The politician’s response, “Because it was the right thing to do,” represents a fundamental failure of inquiry and a collapse of the hierarchy of understanding. By framing the response this way, the politician avoids the “Why” of the policy, offering instead a self-referential loop that several systems thinkers identify as a barrier to genuine intelligence and accountability.

1. The Failure of Understanding (DIKW Hierarchy)

According to Russ Ackoff, the content of the human mind is categorized into a hierarchy where Information answers “what” and Knowledge answers “how,” but Understanding specifically answers “Why?”[1][2].

• Missing Explanation: “Because it was right” is not an explanation; it is a label. To provide Understanding, the politician must look “outward to the larger containing system” to identify the function the policy plays within it[2][3].
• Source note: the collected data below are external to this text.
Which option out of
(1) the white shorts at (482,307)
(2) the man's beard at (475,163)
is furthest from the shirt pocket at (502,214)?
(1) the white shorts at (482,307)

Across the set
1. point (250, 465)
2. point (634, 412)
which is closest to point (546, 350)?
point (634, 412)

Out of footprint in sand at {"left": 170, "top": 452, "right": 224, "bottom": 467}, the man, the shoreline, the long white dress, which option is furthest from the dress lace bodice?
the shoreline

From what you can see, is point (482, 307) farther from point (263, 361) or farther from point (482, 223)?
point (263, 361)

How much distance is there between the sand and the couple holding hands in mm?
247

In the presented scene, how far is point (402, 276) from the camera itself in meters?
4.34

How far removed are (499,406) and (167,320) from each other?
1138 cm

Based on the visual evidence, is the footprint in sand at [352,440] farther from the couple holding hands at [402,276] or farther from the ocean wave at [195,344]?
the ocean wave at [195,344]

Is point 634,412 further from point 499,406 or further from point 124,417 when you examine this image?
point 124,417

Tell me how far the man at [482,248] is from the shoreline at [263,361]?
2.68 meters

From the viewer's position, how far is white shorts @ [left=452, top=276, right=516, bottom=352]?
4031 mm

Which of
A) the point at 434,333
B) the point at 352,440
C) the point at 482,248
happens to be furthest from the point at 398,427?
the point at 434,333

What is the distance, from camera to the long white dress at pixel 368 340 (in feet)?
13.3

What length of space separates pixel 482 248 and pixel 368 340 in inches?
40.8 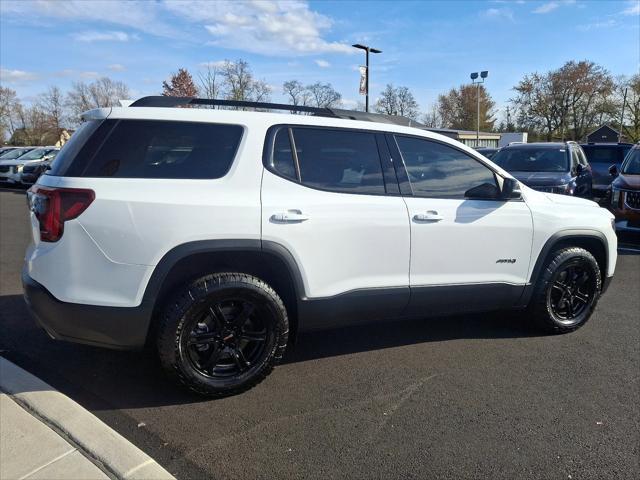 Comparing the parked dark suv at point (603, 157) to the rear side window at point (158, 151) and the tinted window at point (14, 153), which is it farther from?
the tinted window at point (14, 153)

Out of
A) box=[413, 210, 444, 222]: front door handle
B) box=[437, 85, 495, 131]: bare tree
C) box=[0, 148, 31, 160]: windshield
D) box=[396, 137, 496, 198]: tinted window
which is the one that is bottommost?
box=[413, 210, 444, 222]: front door handle

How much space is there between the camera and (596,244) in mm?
4508

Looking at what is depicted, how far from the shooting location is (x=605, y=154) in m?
14.4

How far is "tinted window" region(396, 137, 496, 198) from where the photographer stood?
12.3ft

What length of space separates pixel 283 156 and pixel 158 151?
804 millimetres

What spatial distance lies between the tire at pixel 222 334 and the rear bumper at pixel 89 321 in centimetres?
15

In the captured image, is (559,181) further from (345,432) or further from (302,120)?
(345,432)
• Hollow Wisdom: Ackoff defines Wisdom as dealing with “Ends” and moral judgments[2]. However, Wisdom must be built upon the lower levels of the hierarchy. Offering “the right thing” as a standalone answer is an attempt to claim the status of “Wisdom” while bypassing the Understanding (causal explanation) and Knowledge (how-to) required to justify it.

2. Zero Information and the Lack of “Difference”

From the perspective of Gregory Bateson and Claude Shannon, information is defined as “a difference that makes a difference”[4][5].

• The Circular Signal: A circular answer provides zero information because it fails to “bisect the possibilities” or reduce uncertainty[6][7]. If the policy is “right” because it is “the right thing,” there is no contrast pole or “rather than” to clarify its meaning[8][9].

• Redundancy without Error Correction: In information theory, redundancy is used for error correction[10]. A politician using purely redundant (circular) language creates a system with no room for feedback or “signal detection,” making it impossible to detect when a policy has failed[11][12].

3. The “Stupid Talk” and Propaganda Trap

Neil Postman would likely categorize this as “Stupid Talk” or “Crazy Talk”[13].

• Confused Direction: “Stupid Talk” is language that fails because it is ill-suited to its context[13]. In a policy context, the purpose of a question is typically to understand the systemic causation behind an action. A circular moral answer defeats this legitimate purpose.

• Propaganda: Postman defines propaganda as language that invites an immediate, emotional, and either-or response[14]. Saying “it’s the right thing” is a linguistic nudge to force the listener into a state of “animal mindlessness,” where questioning the policy feels like questioning “rightness” itself[14].

4. Avoiding “Negative Explanation”

James Wilk and Ross Ashby argue that a true explanation must address “Why this rather than that?”[15][16].

• Ignoring Constraints: A systemic explanation involves identifying the constraints that make a particular state the only one not currently prevented[17]. By saying it was “the right thing,” the politician ignores the repertoire of other possible actions and the specific environmental factors that necessitated this choice[18][19].

• **The “Mu” Response:**Robert Pirsig might suggest that this circularity is a sign that the politician is trapped in a flawed context. The appropriate response might be “Mu”—to unask the question—because the current frame is too small for a truthful answer[20].

5. The “Strict Father” Moral Frame

George Lakoff would point out that this response relies on a specific moral frame, likely the “Strict Father” model, which privileges moral absolutism over systemic causal reasoning[21].

• Direct vs. Systemic Causation: Politicians often use circular moralizing to collapse systemic causation (complex, interactive causes) into direct causation (an agent simply doing “good”)[22]. This prevents the public from seeing the “web of social and environmental connections” that actually dictate policy outcomes[21].

Summary from a Systems Perspective

SourceCritique of the Circular Response
AckoffIt provides Wisdom (judgment) without the prerequisite Understanding (explanation)[2].
BatesonIt contains zero information because it provides no “difference”[5].
PostmanIt is Propaganda designed to provoke emotional agreement rather than logic[14].
WilkIt fails to answer the essential query: “Why this rather than that?”[15][23].
VickersIt offers a Value Judgment while ignoring the Reality Judgment (facts) and Instrumental Judgment (how)[24][25].
TOGIt is an example of “Turning the Handle”—using a label to simulate deep thought without creating value[26].

As noted by The Other Group (TOG), “truth outruns provability” (the Gödelian shortfall), but a circular answer does not even attempt to be provable; it is an attempt to use a “silver bullet” of moral certainty to kill off the complexity of the world[27].